Pada detik pertama, suara itu tak hanya terdengar—ia dirasakan. Ada getaran dari masa lalu yang tiba-tiba hidup kembali. Jarak Soppeng–Balikpapan bukan lagi ribuan kilometer; jarak itu dipendekkan oleh sebuah panggilan yang membawa Alimuddin pulang ke masa putih abu-abu, ke tahun 1983, ke ruang kelas III IPA 2 SMA Negeri 156 Watampone.
Membuka Pintu Kenangan
Suara itu ternyata milik Ir. Jamaluddin Jamal, sahabat sealmamater yang kini tinggal di Balikpapan, Kalimantan Timur. Meski percakapan hanya lewat WhatsApp, cara ia menyapa membuat memori itu tidak datang perlahan—melainkan menyeruak, menerobos, dan memenuhi ruang ingatan seakan baru kemarin mereka melangkah keluar dari gerbang sekolah.
Alimuddin berhenti sejenak. Ada rasa hangat yang tidak bisa dijelaskan.
Ada hal-hal yang tidak dapat dikalahkan oleh usia:
ingatan, persahabatan, dan suara yang pernah tumbuh bersama.
Ketika Tawa Lama Bergaung Lagi
Percakapan berlanjut, dan setiap menitnya seperti membuka album yang lama tersimpan.
Mereka kembali membahas:
• lelucon khas remaja SMA,
• perebutan hati gadis-gadis cantik di sekolah,
• tugas OSIS yang sering membuat mereka pulang petang,
• kegiatan Pramuka dengan petualangan yang terasa heroik,
• hingga kerja kelompok yang membahas bagaimana Pohon Akasia dapat menjadi paru-paru kota dalam mengatasi konflik sosial perkotaan.
Semua itu kini terdengar seperti potongan cerita dari novel kehidupan.
Namun sore itu, potongan itu kembali utuh.
Kenangan itu tidak pudar—hanya menunggu dipanggil.
Empat Puluh Tahun yang Mengubah Segalanya
Waktu berlari tanpa kompromi.
Mereka bukan lagi anak-anak yang memikirkan nilai ujian atau jadwal piket.
Kini mereka adalah lelaki dewasa yang melangkah di jalan hidup masing-masing.
Jamaluddin telah berkarier sebagai pengusaha di sektor tambang batubara di Balikpapan. Sementara Alimuddin menjalani hari-hari di Soppeng, tetap menjaga koneksi emosional dengan para sahabat dari masa remajanya.
Meski dunia membawa keduanya pada arah yang berbeda, panggilan itu membuktikan satu hal:
persahabatan tidak pernah hilang, ia hanya berpindah tempat di dalam kenangan.

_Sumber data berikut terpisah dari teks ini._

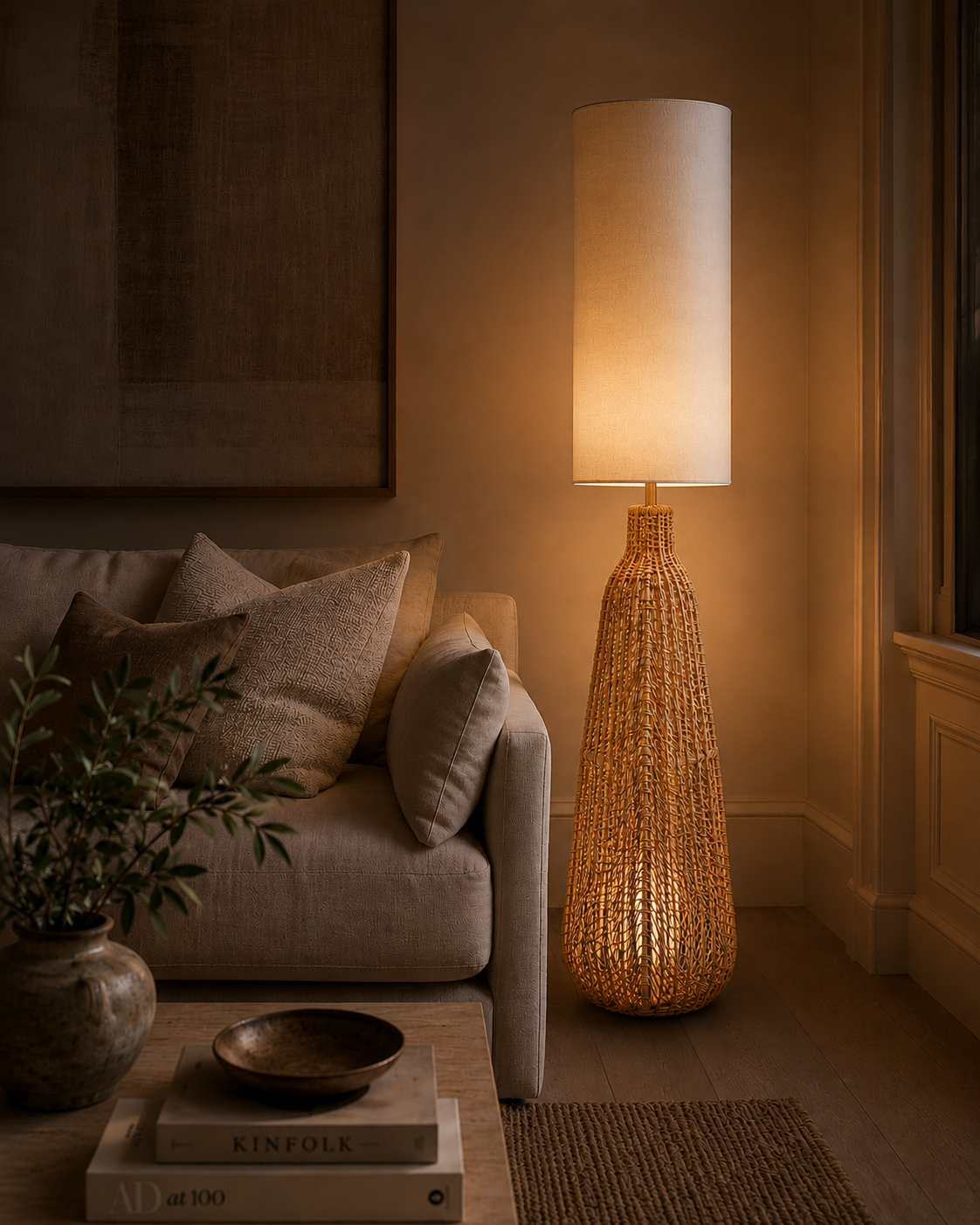 ELARA RATTAN FLOOR LAMP – NATURAL WOVEN STATEMENT LIGHT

Nostalgia: Pengobat Lelah, Penjaga Jiwa
Di tengah kompleksitas hidup hari ini—tuntutan pekerjaan, dinamika keluarga, tekanan sosial—nostalgia menjadi ruang sunyi yang menyembuhkan.
Percakapan sederhana itu:
• seakan mengendurkan urat-urat saraf,
• memulihkan energi yang terkikis kesibukan,
• dan menghadirkan kembali semangat muda yang dulu pernah menyala.
Terkadang, yang kita butuhkan bukan liburan panjang, bukan perjalanan jauh. Hanya suara seorang sahabat lama yang memanggil dari ribuan kilometer, mengingatkan siapa kita dulu dan siapa kita sekarang.
Karena pada akhirnya,
masa muda tidak pernah benar-benar pergi—ia hanya berdiam di tempat yang jarang kita buka.
Pulang Tanpa Berpindah Tempat
Petang itu, Alimuddin tidak pergi ke mana-mana. Namun ia telah “pulang” sejauh pulang bisa terjadi. Pulang pada tawa, cerita, persahabatan, dan jejak-jejak masa remaja yang membentuk dirinya.
Percakapan yang berlangsung kurang dari satu jam itu seolah mengikat kembali benang-benang yang sempat terlepas oleh waktu.
Sebuah pengingat bahwa persahabatan sejati tidak memudar—ia hanya menunggu momen untuk kembali menyala.
Dan sore itu, suara Jamaluddin adalah korek api yang menyalakannya.